Teochew steamed dumpling

Soon kueh (筍粿 (笋粿, sǔnguǒ, sún-kóe, bamboo shoot cake)), also spelt soon kway, is a type of steamed dumpling in Teochew cuisine. The dumpling is stuffed with julienned jicama, bamboo shoots, and dried shrimp, and is then wrapped in a skin traditionally made of rice and tapioca flour before steaming. Soon kueh is often eaten for breakfast or as a snack, served with both sweet soy sauce and chilli sauce.

== Ingredients ==

=== Dumpling wrapper ===
The dumpling wrapper is a hot water dough primarily made by combining flour, hot water, salt, and cooking oil. Sugar may also be added.

The dough is often made with a combination of different flours, as a single flour-based dough results in an overly soft dough that is not pliable and prone to breakage. Most use a combination of two flours, which may often be rice, tapioca and wheat. The types and ratios of flour used vary between recipes that change the look and texture of the cooked product. For example, a variant made with a mixture of rice and tapioca flour yields a whitish, opaque dough while another variant made with wheat and tapioca flour produces a translucent dough.

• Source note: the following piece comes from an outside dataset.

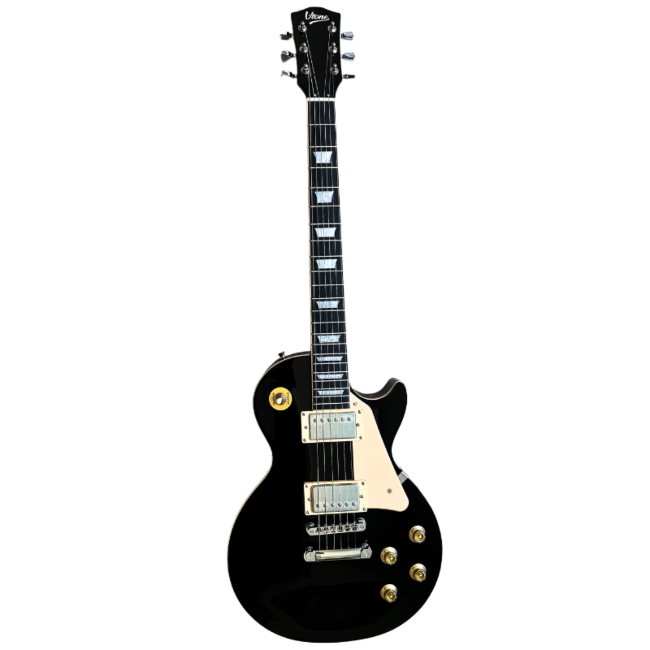 V-TONE VLP1 BK Elektrische Gitarren 4/4 Les Paul HH – Black Gloss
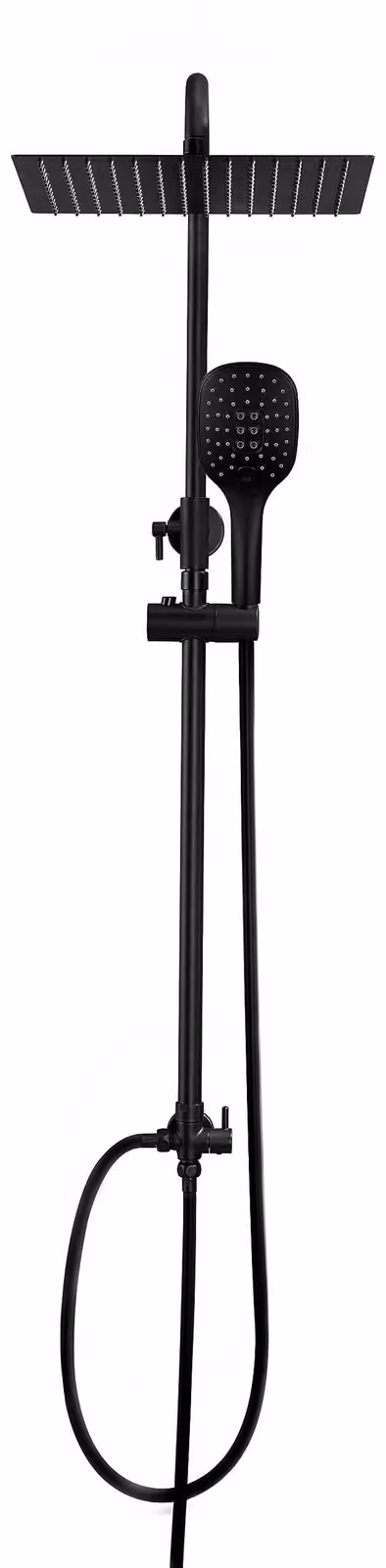 Sistema doccia a soffione piatto Görbach, senza miscelatore, quadrato, 25x25 cm, colore nero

A traditional Teochew-style soon kueh uses a combination of rice and tapioca flour in a four-to-one ratio to achieve a dumpling wrapper that has a glossy, crystalline finish and a slightly firm and springy texture when cooked.

=== Filling ===
Soon kueh is traditionally made with bamboo shoots as the primary ingredient of the filling, which is also its namesake. Today, most soon kueh made and sold commercially use jicama as the primary ingredient as it is cheaper and more readily available. Another reason for using jicama over bamboo shoots is for a sweeter flavour and crunchier filling. Some home recipes may include a combination of both, with varying ratios. Common additions to the filling include dried shrimp (hae bee), garlic, shiitake mushrooms and carrots. Black fungus and pork meat may also be added in modern variants.

A vegetarian version of the filling is described by heritage researcher Kelvin Tan as originating from the Hai Inn See temple in the Choa Chu Kang area of Singapore in 1950. The abbess at the time, Yang Qincai, was inspired by the vast amount of bamboo growing on temple grounds to make these dumplings, which are later sold at a nearby kopitiam and became a popular breakfast item. Garlic is omitted in this variant as Buddhists do not consume garlic due to religious beliefs.

== Preparation methods ==
Typical preparation of soon kueh begins with cooking the filling. The thinly sliced or julienned ingredients are stir fried in a wok and flavoured with a simple seasoning of salt and pepper and set aside to cool.

To make the dough for the wrapper, hot water is gradually added to the flour combination until the dough is formed. The dough is then allowed to cool before it is kneaded until smooth. Some recipes call for salt and sugar to be added to the hot water, while others add them during kneading. Cooking oil is the last ingredient to be added to the dough before it is left to rest. The rested dough is then portioned and rolled out to form individual wrappers. The filling is then added and the dumpling is sealed. The making and rolling out of the dough is said to be the most challenging part of making the dumpling, as it affects the texture and mouthfeel of the final product.

Steaming is the traditional and most common method of cooking soon kueh. An alternative method is pan-frying the dumplings to achieve a charred, crisp texture on the surface. For steamed soon kueh, additional cooking oil is brushed onto the cooked dumplings after steaming to add a shine to the wrapper and prevents them from sticking to hands and packaging.

The dumpling is often served warm or hot, as the texture of the wrapper may change by hardening after cooling down.

The serving of sweet soy and chilli sauces alongside the dumpling is typical of traditional Teochew-style cuisine, where condiments are paired with food that is cooked with light seasonings to both retain and enhance the fresh, natural flavours of the ingredients used.